Inconsistencies are not hard to find. To look for examples, my first thought was to type the name of an author into Amazon, and see what emerges. Searching for John le Carre gave as the first result a book with the title Agent Running in the Field: A Novel. However, “A Novel” is not part of the title of the book, and not all novels have this suffix. Indeed, Amazon titles are liberally augmented with information that may be helpful for human readers, but problematic for computational processing. Sometimes the same title has multiple additional descriptions. For example, The Spy Who Came in from the Cold by the same author is listed as The Spy Who Came in from the Cold: A George Smiley Novel (George Smiley Novels Book 3). Any data scientists working with such data have their work cut out!

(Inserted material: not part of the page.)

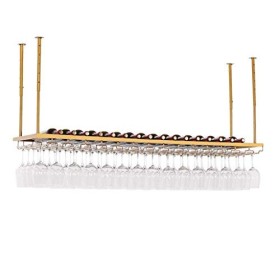 JacCos Casier à vin, casier à vin casier à Verre à vin doré Plafond à lenvers casier à vin Hauteur réglable Porte-Bouteille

Such inconsistencies are problematic both for other data preparation steps and for analytics. To consider data preparation, it might be useful to combine two book data sources where they have common titles, but this is likely to require an exact match on the title. Furthermore, the detection or removal of duplicates might place considerable weight on title comparisons, but common similarity measures are undermined by formatting inconsistencies. The Jaccard similarity of the two variants of the The Spy Who Came in from the Cold is less than 0.5. Such metrics are also potentially relevant for analytics; for example, the distance function of a clustering algorithm could certainly depend on Jaccard similarities. As a result, resolving formatting inconsistencies is a prerequisite for a variety of other tasks.
Resolving such seemingly ad hoc inconsistencies in a systematic manner is unlikely to be straightforward. However, formatting inconsistencies often follow recurring patterns that can be identified and resolved in software. Format transformations can be written manually or inferred from examples. Here are five common types of inconsistency:
- Format reordering. Example: reorder the components of person names; Beechey, Sir William →Sir William Beechey (Artists in the Tate, Name column).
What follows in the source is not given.